NORWAY DEATHS Norwegian health authorities are currently investigating the deaths of 23 elderly individuals who received the Pfizer/BioNTech SARS-CoV-2 vaccine to determine if adverse reactions to vaccination could have contributed to the patients’ mortality. The Norwegian Medicines Agency (NOMA) has investigated 13 of the deaths, concluding that some of the common adverse reactions to the vaccine—including fever, nausea, and diarrhea—could have contributed to the deaths. The Paul Ehrlich Institute is investigating 10 deaths reported in individuals who recently received the SARS-CoV-2 vaccine.

Dr. Steinar Madsen, Medical Director for NOMA, told BMJ that there is no certain connection between the vaccine and the patients’ deaths, but it could be possible that common adverse events that are generally mild in younger, healthier individuals could aggravate pre-existing conditions among older, medically frail individuals. The Norwegian Adverse Drug Reaction (ADR) Registry is continually monitoring adverse events related to SARS-CoV-2 vaccination and publishes public weekly reports. The most recent report (January 14) notes that an average of 45 patients in long-term care facilities die each day, and a statement about the deaths indicates that 400 people per week die at long-term care facilities. It is not unexpected that some individuals who get vaccinated will die of unrelated health conditions, and at this point, there is no evidence pointing to a significant increase in the number of deaths following vaccination in Norway.

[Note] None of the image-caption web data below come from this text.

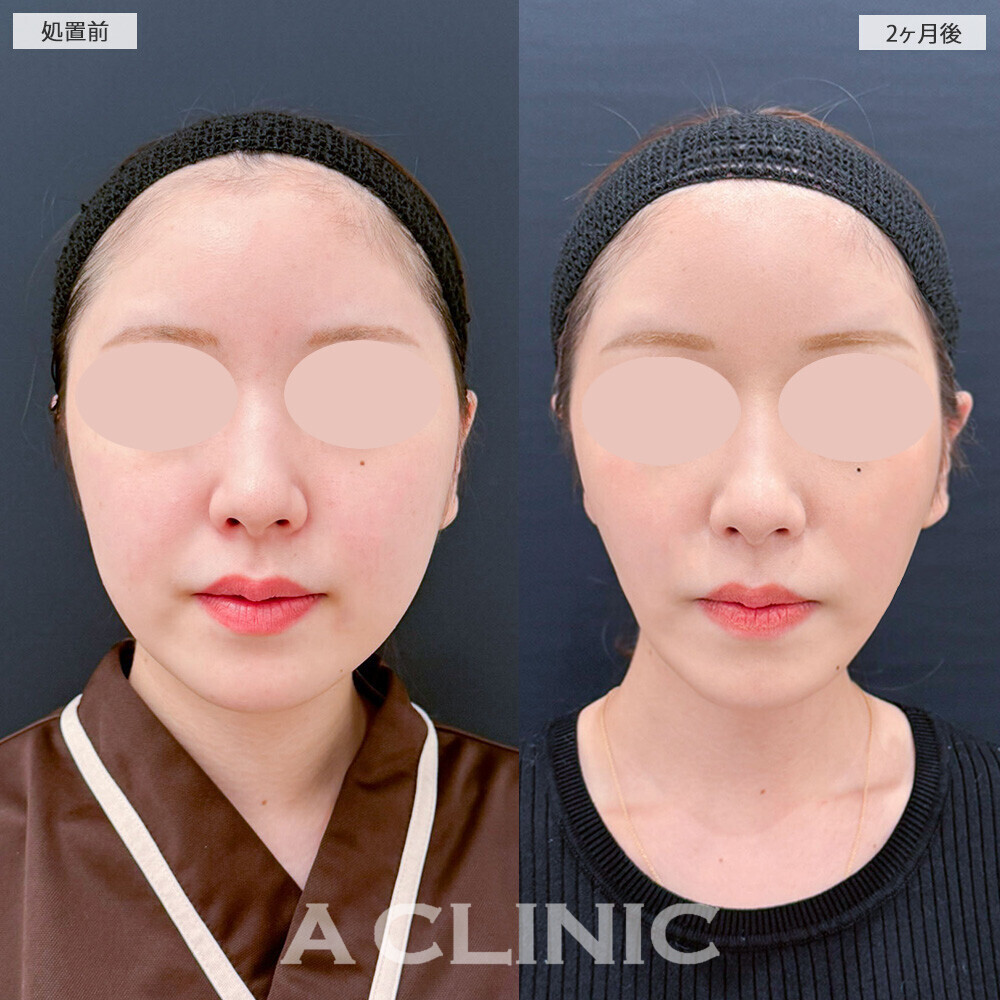 1day小顔脂肪吸引とバッカルファット除去術で別人級の輪郭に！こちら処置前から2ヶ月後の症例です(20代女性)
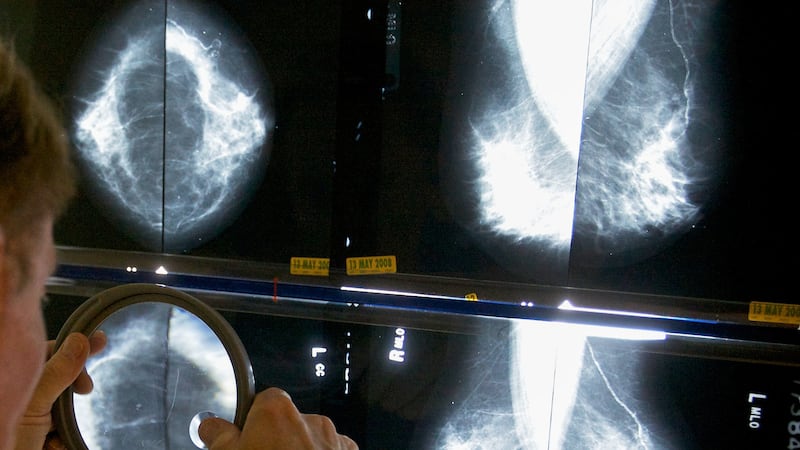 Un radiólogo utiliza una lupa para revisar mamografías en busca de cáncer de mama en Los...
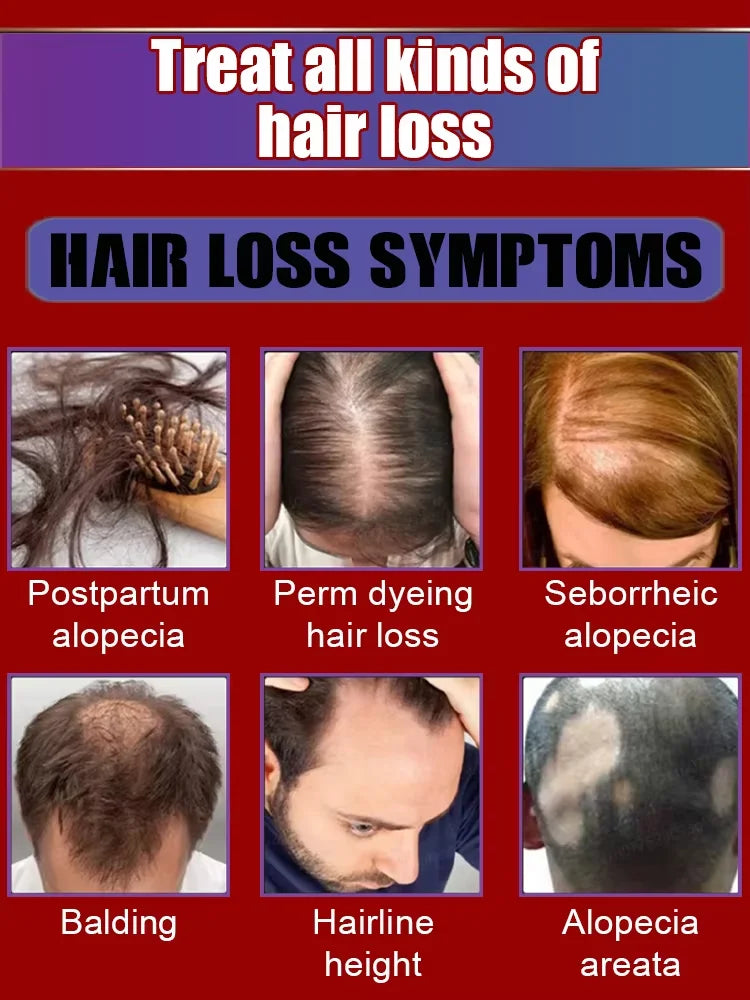 Magic Hair growth essential 0iI.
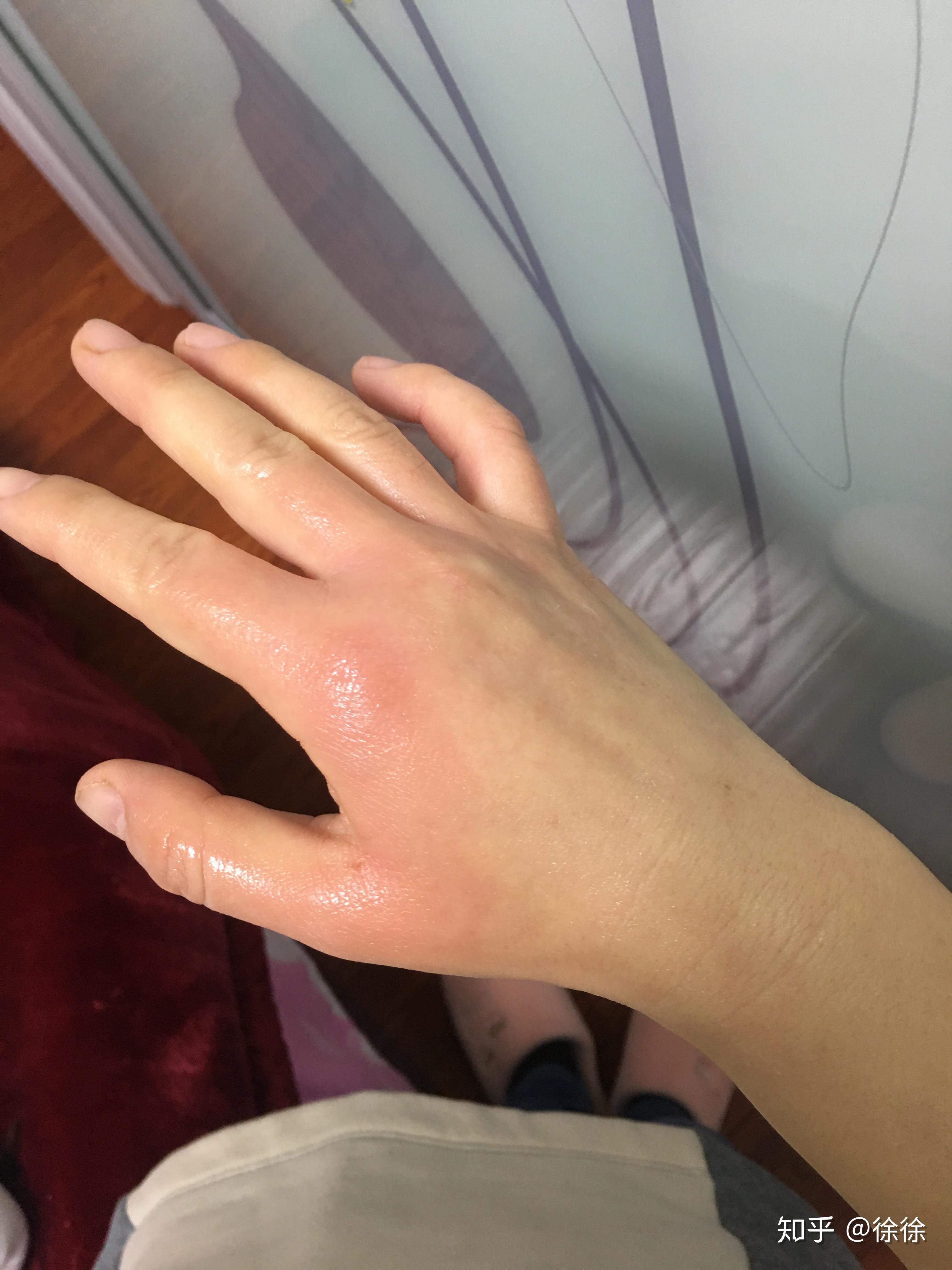 烫伤起的水泡可以戳破吗? - 知乎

In response to the reported deaths, The Norwegian Institute of Public Health updated its SARS-CoV-2 vaccination guidance to ask healthcare providers to weigh the risks of potential adverse reactions against the benefits of vaccination when considering vaccination for elderly, medically frail individuals. Norway continues to prioritize long-term care facility residents for vaccination due to their elevated risk of infection and severe disease.